● **REQUIREMENT**
Copy word for word, please, the lines of the entries below running from the one containing "Tumpukan toples tutup" to the one containing "Zwei Kinder flüstern", both ends included.

[Recorded data]

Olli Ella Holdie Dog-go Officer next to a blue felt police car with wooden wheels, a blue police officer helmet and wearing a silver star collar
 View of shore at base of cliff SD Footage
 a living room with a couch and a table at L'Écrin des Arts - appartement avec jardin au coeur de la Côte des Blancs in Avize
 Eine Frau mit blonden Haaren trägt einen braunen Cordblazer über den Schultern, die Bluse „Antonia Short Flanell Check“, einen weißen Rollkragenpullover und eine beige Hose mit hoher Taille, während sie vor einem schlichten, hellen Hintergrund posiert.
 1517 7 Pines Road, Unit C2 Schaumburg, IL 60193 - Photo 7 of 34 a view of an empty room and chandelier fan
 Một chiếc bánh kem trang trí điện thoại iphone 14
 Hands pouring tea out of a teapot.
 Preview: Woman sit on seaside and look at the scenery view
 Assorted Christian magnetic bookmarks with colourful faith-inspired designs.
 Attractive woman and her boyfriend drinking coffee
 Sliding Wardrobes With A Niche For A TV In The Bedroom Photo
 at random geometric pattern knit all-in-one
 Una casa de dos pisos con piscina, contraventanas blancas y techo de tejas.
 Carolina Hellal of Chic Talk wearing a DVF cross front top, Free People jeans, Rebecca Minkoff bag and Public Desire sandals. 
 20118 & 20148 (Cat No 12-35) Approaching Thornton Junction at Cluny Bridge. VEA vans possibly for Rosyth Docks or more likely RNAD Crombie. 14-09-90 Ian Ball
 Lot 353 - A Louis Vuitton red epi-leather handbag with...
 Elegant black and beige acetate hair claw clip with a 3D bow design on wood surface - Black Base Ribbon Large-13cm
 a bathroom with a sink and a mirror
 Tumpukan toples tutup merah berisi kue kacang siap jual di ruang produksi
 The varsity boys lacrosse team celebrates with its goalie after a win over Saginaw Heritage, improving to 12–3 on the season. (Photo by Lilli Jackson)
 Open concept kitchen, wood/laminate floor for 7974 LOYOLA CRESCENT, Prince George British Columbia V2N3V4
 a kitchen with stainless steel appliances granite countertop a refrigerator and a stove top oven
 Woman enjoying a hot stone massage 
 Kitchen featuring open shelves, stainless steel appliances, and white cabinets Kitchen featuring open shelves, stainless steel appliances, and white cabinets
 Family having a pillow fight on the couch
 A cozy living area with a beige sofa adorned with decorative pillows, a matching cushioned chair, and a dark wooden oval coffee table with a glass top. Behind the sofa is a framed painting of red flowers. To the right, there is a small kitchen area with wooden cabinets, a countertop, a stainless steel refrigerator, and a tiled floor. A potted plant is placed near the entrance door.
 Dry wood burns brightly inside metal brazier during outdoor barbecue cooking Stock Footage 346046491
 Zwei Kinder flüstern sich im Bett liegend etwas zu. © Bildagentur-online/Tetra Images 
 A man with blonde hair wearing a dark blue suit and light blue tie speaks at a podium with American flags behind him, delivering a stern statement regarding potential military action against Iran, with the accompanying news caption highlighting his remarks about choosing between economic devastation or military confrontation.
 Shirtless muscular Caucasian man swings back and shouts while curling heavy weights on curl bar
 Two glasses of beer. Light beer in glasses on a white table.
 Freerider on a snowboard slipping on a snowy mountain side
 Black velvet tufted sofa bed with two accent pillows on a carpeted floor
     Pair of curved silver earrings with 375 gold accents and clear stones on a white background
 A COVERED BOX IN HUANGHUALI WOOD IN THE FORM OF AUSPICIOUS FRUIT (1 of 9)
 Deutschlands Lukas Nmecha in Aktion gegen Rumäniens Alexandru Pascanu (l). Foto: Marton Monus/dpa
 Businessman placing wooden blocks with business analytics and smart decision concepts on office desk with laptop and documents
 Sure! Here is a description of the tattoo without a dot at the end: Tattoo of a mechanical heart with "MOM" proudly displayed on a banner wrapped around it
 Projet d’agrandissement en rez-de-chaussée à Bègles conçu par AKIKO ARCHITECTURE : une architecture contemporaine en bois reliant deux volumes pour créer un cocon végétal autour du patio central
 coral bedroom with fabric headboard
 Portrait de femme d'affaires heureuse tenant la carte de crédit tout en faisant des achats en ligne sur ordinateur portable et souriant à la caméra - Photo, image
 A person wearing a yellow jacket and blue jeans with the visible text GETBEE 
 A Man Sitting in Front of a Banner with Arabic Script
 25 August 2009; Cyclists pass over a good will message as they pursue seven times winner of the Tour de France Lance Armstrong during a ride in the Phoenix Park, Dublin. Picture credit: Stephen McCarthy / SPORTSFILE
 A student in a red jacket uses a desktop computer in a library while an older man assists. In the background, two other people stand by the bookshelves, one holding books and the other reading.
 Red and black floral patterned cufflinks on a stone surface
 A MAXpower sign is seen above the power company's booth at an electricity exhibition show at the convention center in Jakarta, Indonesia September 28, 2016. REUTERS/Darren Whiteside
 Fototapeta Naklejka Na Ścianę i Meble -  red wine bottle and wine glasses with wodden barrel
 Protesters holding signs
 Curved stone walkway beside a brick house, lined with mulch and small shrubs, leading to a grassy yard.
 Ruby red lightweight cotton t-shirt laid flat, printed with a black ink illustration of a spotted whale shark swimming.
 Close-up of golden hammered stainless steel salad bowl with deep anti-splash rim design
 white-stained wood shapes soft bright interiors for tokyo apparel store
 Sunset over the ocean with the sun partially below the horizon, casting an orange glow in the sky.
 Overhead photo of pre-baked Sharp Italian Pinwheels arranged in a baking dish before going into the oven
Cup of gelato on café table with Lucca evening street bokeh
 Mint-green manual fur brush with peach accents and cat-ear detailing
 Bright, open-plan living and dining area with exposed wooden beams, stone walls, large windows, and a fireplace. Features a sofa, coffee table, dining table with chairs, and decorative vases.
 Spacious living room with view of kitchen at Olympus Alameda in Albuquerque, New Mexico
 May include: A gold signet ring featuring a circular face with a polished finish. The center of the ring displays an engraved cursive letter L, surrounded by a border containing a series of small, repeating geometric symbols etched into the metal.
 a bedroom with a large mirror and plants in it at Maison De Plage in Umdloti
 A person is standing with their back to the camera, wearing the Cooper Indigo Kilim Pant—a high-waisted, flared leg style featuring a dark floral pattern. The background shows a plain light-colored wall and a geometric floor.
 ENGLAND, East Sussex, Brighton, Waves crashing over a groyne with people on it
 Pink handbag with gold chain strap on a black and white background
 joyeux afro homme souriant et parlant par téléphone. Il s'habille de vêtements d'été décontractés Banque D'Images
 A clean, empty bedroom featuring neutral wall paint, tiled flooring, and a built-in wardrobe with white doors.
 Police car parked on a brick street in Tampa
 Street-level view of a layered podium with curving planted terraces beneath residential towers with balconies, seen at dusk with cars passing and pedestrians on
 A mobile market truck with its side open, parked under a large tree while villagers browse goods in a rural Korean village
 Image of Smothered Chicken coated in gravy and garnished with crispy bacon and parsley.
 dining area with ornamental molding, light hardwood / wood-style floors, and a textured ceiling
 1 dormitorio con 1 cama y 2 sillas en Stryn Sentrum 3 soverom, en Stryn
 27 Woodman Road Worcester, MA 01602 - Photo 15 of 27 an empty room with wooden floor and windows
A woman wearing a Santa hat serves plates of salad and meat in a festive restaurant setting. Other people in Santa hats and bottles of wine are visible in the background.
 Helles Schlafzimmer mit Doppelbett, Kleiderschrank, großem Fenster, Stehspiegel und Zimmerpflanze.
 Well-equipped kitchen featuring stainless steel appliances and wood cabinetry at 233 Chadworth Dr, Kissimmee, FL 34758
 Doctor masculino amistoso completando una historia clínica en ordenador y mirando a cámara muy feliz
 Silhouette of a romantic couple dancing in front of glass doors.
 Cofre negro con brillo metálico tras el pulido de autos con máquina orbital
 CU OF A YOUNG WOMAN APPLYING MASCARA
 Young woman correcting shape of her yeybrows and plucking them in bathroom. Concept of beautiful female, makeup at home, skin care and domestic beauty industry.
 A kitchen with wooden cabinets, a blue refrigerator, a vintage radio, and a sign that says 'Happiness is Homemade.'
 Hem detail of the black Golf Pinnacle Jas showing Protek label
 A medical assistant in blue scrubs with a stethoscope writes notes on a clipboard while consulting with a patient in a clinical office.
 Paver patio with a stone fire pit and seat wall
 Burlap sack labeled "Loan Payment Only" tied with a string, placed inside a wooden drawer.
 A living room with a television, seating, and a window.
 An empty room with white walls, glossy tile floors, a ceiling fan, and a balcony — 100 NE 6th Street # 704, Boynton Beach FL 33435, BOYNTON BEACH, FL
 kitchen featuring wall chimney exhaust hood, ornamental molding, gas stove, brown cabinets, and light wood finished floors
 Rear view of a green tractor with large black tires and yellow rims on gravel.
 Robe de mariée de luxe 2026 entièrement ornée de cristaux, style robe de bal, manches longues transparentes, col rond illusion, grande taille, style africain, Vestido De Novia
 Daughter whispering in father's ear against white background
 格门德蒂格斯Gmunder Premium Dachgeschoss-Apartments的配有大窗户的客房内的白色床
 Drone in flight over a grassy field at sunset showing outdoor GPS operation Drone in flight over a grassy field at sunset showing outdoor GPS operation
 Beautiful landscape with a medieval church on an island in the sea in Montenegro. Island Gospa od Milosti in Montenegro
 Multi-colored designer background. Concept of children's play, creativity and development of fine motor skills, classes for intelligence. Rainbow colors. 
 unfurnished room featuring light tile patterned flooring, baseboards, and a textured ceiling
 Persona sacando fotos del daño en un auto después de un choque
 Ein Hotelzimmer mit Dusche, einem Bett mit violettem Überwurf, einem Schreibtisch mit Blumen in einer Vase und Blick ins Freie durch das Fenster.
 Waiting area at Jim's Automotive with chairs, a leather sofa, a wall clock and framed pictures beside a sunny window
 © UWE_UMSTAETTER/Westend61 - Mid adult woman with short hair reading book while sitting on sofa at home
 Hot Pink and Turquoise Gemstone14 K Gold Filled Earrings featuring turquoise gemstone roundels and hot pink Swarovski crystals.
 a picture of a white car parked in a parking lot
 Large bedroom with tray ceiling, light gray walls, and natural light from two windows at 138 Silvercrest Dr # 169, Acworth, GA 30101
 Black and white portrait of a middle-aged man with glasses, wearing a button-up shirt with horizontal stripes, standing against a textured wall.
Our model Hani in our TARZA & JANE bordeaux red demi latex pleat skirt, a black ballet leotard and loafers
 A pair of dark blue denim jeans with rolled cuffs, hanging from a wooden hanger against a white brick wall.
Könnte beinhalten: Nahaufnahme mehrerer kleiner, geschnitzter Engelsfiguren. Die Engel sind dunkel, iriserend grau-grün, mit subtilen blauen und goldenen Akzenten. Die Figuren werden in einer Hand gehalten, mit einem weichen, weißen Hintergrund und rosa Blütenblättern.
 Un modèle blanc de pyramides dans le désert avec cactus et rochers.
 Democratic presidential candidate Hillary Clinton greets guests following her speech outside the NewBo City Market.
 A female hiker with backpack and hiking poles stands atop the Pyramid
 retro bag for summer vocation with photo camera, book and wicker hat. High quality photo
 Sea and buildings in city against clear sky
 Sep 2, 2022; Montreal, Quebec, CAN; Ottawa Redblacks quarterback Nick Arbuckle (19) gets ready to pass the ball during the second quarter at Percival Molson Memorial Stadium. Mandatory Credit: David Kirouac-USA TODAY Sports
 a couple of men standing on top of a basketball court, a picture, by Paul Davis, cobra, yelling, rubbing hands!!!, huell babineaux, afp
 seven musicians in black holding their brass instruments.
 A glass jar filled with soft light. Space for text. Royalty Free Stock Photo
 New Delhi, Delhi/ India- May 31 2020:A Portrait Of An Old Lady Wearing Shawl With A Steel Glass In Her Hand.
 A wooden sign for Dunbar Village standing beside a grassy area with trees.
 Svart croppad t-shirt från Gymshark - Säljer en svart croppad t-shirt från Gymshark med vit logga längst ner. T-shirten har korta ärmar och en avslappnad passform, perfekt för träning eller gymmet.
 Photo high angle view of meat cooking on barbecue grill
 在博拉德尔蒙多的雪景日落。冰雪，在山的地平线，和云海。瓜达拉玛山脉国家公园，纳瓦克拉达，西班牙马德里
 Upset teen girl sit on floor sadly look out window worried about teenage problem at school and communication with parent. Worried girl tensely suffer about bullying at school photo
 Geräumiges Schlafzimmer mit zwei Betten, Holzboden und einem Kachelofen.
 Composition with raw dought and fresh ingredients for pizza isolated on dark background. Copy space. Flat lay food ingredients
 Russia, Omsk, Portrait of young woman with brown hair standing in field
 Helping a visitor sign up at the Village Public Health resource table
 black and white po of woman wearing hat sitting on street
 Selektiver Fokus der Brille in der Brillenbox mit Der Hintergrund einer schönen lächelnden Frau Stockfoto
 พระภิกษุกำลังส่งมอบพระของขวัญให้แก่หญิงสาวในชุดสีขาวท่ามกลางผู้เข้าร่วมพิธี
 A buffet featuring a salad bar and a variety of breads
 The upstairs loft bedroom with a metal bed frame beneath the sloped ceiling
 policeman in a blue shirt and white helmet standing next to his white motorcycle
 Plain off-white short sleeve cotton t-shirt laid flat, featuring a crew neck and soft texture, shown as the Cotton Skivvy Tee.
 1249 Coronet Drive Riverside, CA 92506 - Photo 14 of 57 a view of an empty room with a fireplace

● **SOLUTION BELOW**
 Tumpukan toples tutup merah berisi kue kacang siap jual di ruang produksi
 The varsity boys lacrosse team celebrates with its goalie after a win over Saginaw Heritage, improving to 12–3 on the season. (Photo by Lilli Jackson)
 Open concept kitchen, wood/laminate floor for 7974 LOYOLA CRESCENT, Prince George British Columbia V2N3V4
 a kitchen with stainless steel appliances granite countertop a refrigerator and a stove top oven
 Woman enjoying a hot stone massage 
 Kitchen featuring open shelves, stainless steel appliances, and white cabinets Kitchen featuring open shelves, stainless steel appliances, and white cabinets
 Family having a pillow fight on the couch
 A cozy living area with a beige sofa adorned with decorative pillows, a matching cushioned chair, and a dark wooden oval coffee table with a glass top. Behind the sofa is a framed painting of red flowers. To the right, there is a small kitchen area with wooden cabinets, a countertop, a stainless steel refrigerator, and a tiled floor. A potted plant is placed near the entrance door.
 Dry wood burns brightly inside metal brazier during outdoor barbecue cooking Stock Footage 346046491
 Zwei Kinder flüstern sich im Bett liegend etwas zu. © Bildagentur-online/Tetra Images 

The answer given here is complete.